Brief descriptive captions:
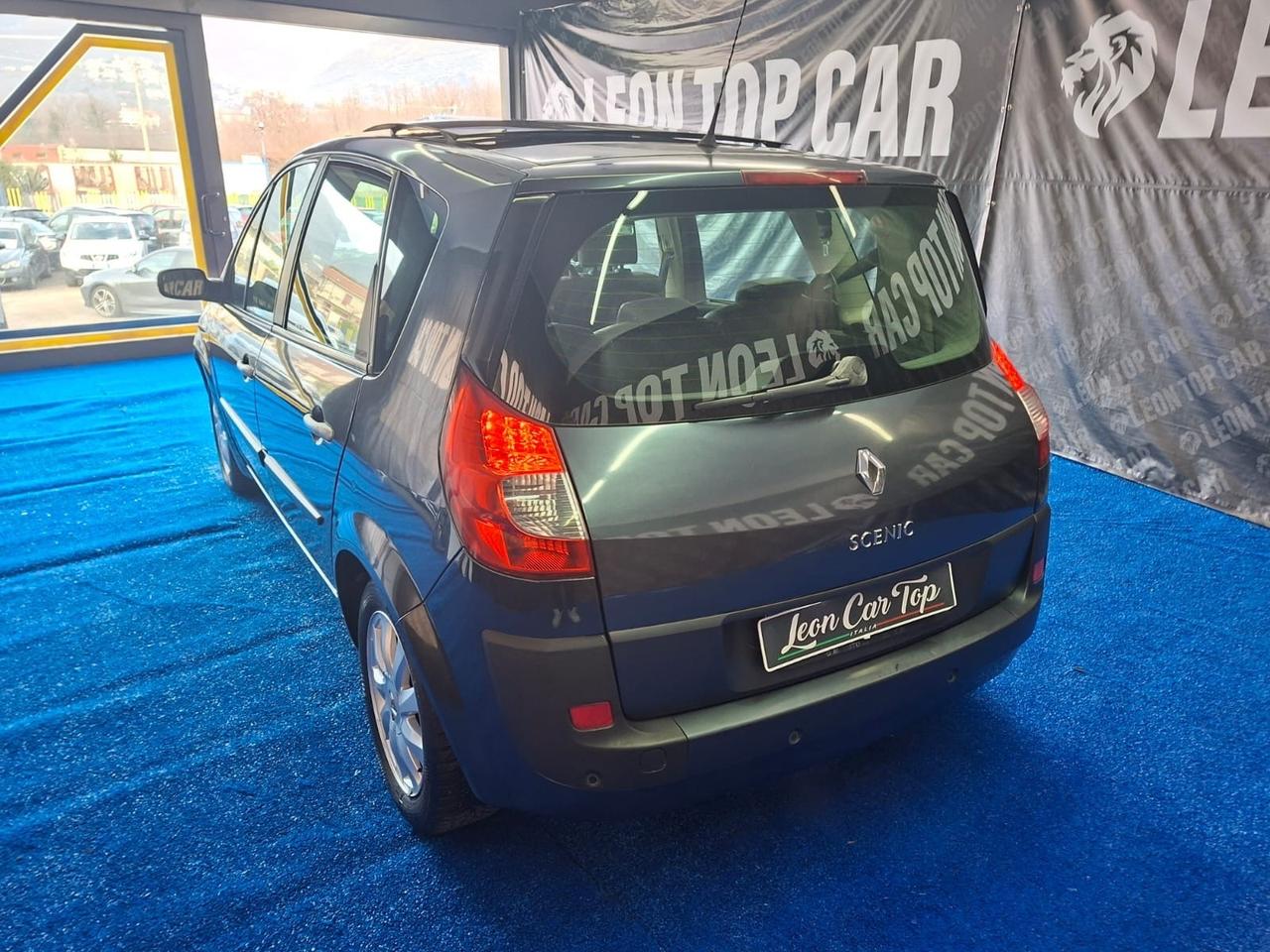 Renault Scenic 1.6 16V GPL ambio automatico tetto apribile full
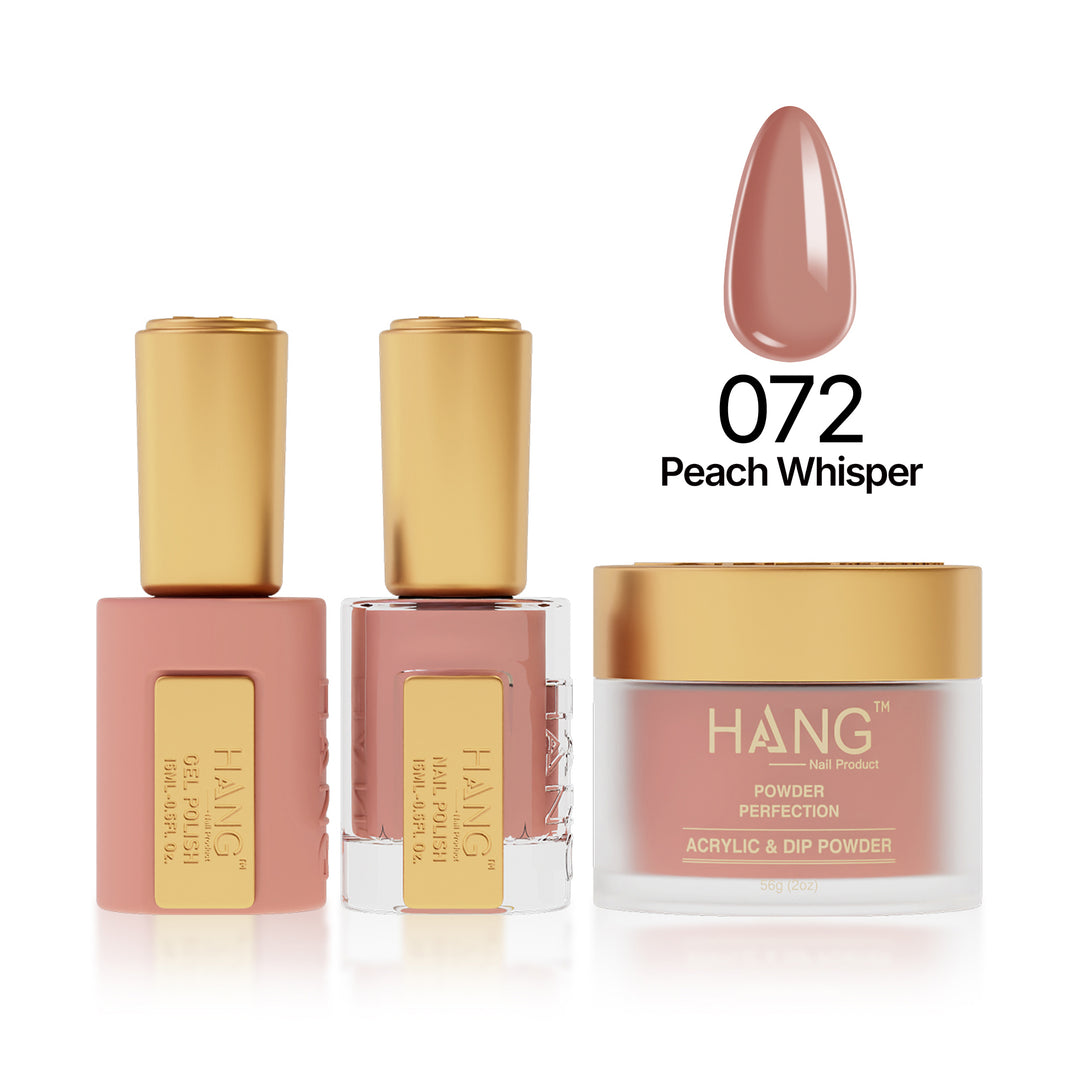 Hang Moonlight #72 - Peach Whisper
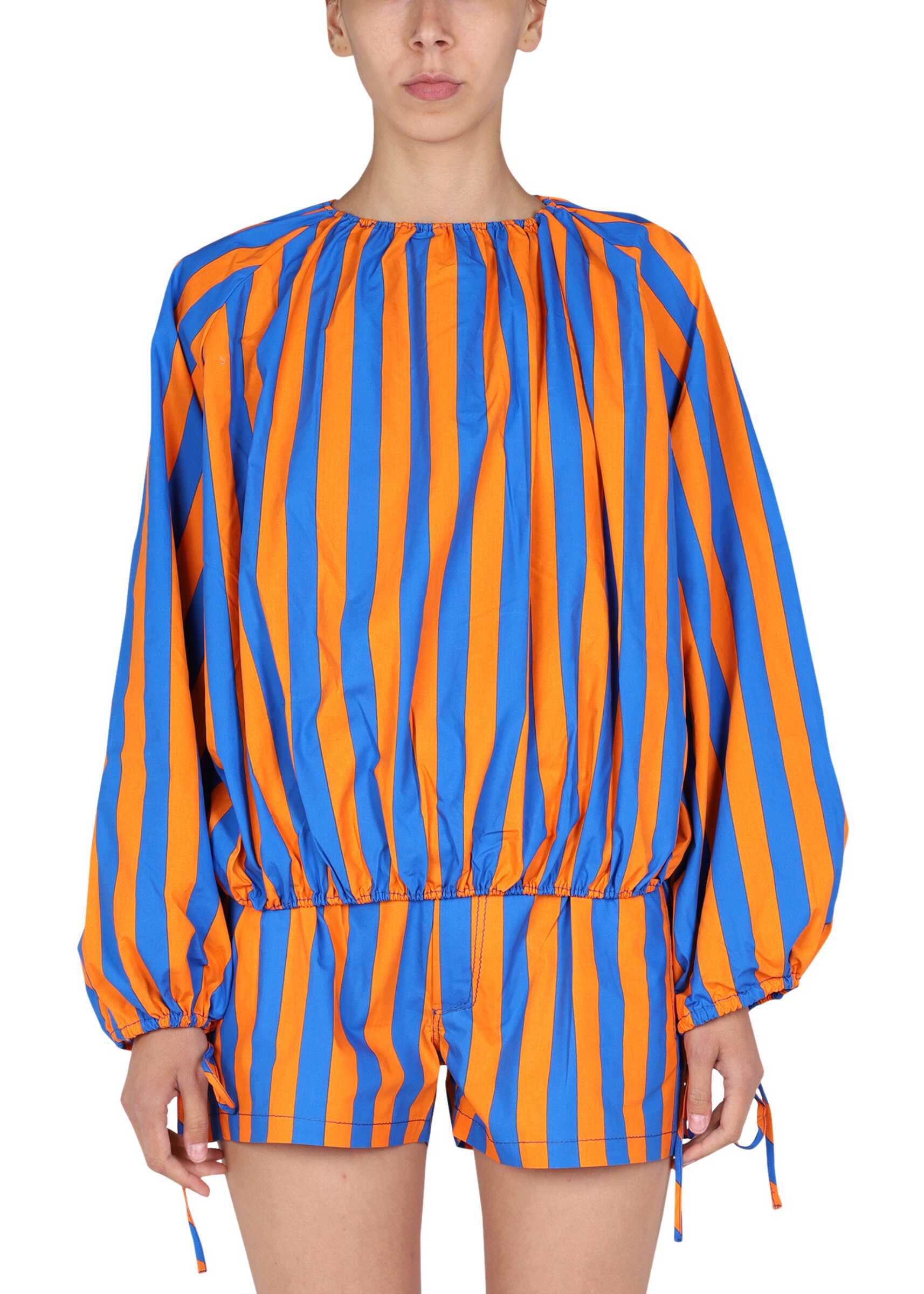 SUNNEI Striped Pattern Shirt MULTICOLOUR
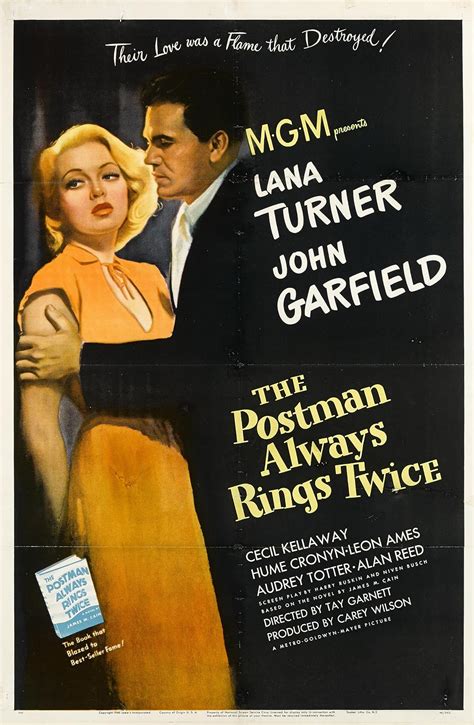 the postman always rings twice 1946 imdb
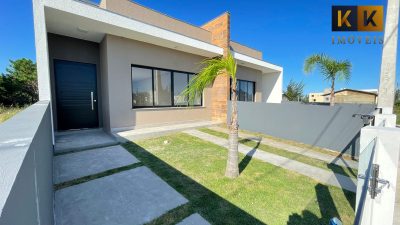 Casa, 3 quartos, 101 m² - Foto 1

*REQUIRED ACTION:*
Begin at the line containing "Hang Moonlight #72 - Peach Whisper" and copy every line through the end of the data above exactly, omitting the pictures.

*TASK RESPONSE:*
 Hang Moonlight #72 - Peach Whisper
 SUNNEI Striped Pattern Shirt MULTICOLOUR
 the postman always rings twice 1946 imdb
 Casa, 3 quartos, 101 m² - Foto 1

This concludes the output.